### AIM OF THE EXERCISE
Your answer must be the exact lines of the listing below that run from the line with "and Techniques to" to the line with "AinT No Church", ends included, and no pictures.

### DATASET RECORDS
☆ ☆ ☆
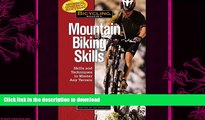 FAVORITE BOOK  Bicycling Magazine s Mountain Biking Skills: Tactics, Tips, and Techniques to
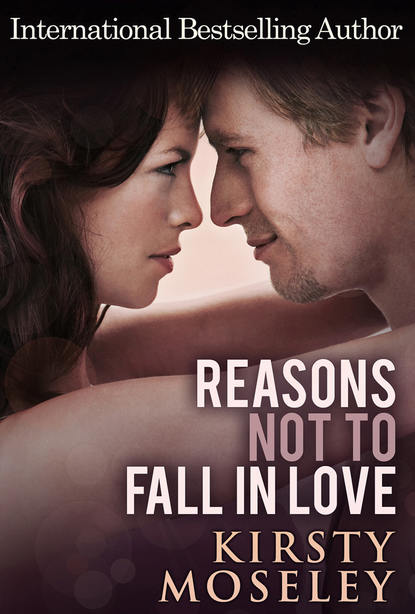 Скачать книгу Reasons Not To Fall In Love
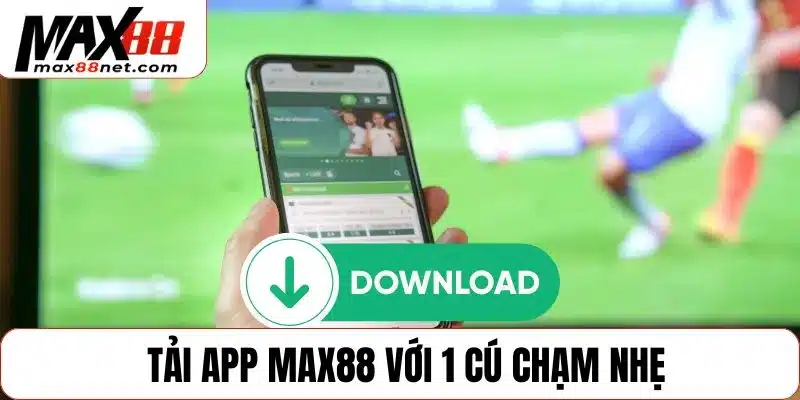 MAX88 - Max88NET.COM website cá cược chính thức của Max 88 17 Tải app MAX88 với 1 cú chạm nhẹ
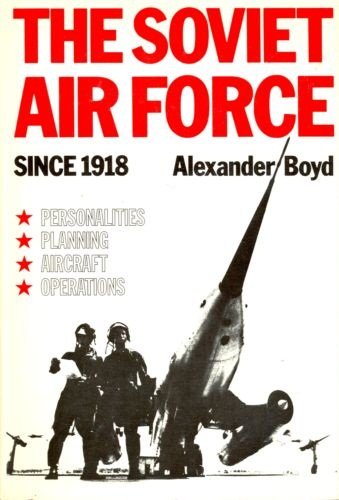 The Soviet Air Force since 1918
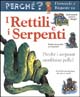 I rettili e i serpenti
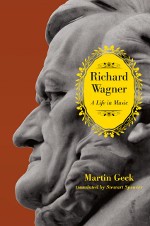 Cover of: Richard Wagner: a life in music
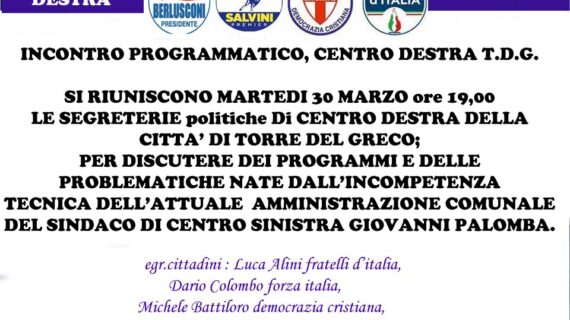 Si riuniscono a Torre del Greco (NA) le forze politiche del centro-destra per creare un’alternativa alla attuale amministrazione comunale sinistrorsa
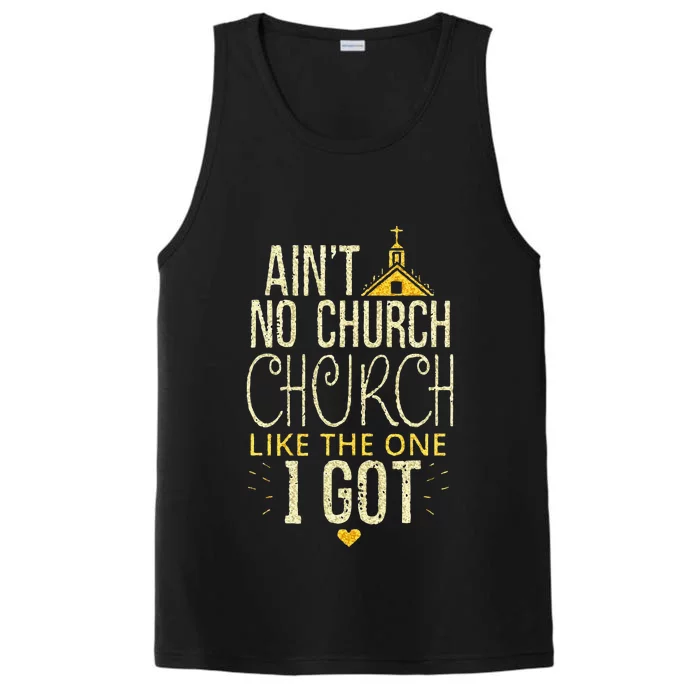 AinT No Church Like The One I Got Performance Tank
☆ ☆ ☆
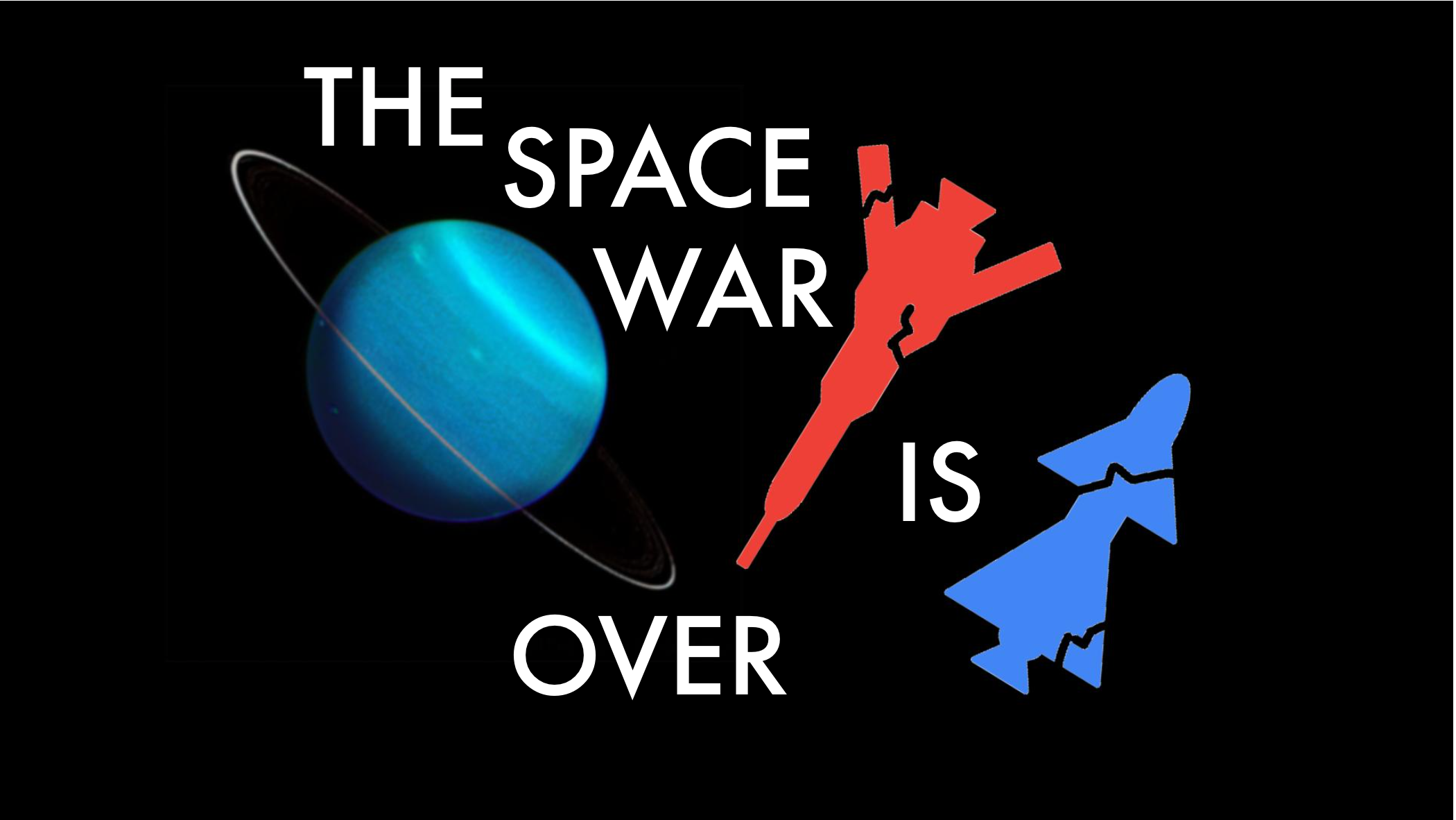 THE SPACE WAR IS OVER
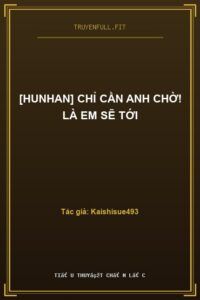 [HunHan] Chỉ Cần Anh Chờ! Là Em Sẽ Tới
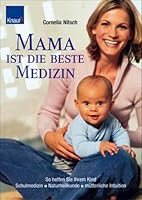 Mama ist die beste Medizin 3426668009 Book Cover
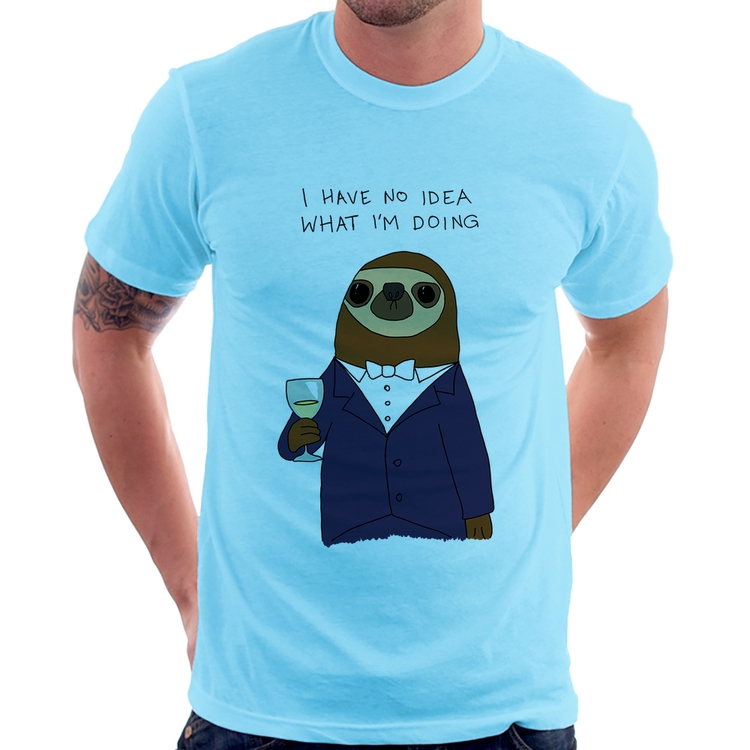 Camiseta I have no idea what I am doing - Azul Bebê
☆ ☆ ☆
### EXERCISE OUTPUT
 FAVORITE BOOK  Bicycling Magazine s Mountain Biking Skills: Tactics, Tips, and Techniques to
 Скачать книгу Reasons Not To Fall In Love
 MAX88 - Max88NET.COM website cá cược chính thức của Max 88 17 Tải app MAX88 với 1 cú chạm nhẹ
 The Soviet Air Force since 1918
 I rettili e i serpenti
 Cover of: Richard Wagner: a life in music
 Si riuniscono a Torre del Greco (NA) le forze politiche del centro-destra per creare un’alternativa alla attuale amministrazione comunale sinistrorsa
 AinT No Church Like The One I Got Performance Tank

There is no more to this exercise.